The two previous posts showed what the Theory-of-Mind sim found. This one shows how it works. The full simulation — agents with recursive world-models, evolutionary selection on prediction accuracy, detection of self-reference and meta-cognition — is 528 lines of standard-library Python. No dependencies. No ML framework. No neural network.

If you want the code: scripts/theory_of_mind.py. Here’s the pattern.

The key trick: minds are feature lists

Every agent has a tiny “model” represented as a list of features.

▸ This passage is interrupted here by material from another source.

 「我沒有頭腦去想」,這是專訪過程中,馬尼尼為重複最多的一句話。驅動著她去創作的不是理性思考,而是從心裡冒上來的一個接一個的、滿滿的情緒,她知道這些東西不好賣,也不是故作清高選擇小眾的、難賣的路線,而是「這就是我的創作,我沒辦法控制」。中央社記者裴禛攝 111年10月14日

A feature is a tuple of tokens:

("env.food",)                          # depth 0
("other.action",)                      # depth 1 — observable behavior
("self.state",)                        # depth 2 — self-reference
("other.model", "self.state")          # depth 3 — ToM proper
("other.model", "other.model", "self.state")  # depth 5 — shared attention

The grammar is strict: the list ends with a terminal (env.food, other.action, self.state, etc.), and anything before the terminal must be the keyword other.model. That’s it. No trees, no gradients, no neural weights — just token paths.

The depth of a feature is: count the other.model tokens, add 1 if the terminal is self.state. ("other.model", "other.model", "self.state") has 2 gateways + self = depth 4. Actually, let me just show the function:

def feature_depth(feature):
    gates = sum(1 for t in feature if t == "other.model")
    has_self = feature[-1] == "self.state"
    if gates == 0:
        return 2 if has_self else (1 if feature[-1].startswith("other.") else 0)
    return 2 + gates if has_self else 1 + gates

This is doing a lot of work for 6 lines. It’s the entire definition of “how much theory-of-mind does this feature have.”

The perspective swap

This is the part I’m most proud of. When an agent evaluates a feature containing other.model, perspective has to flip: the feature now describes how the other agent sees us.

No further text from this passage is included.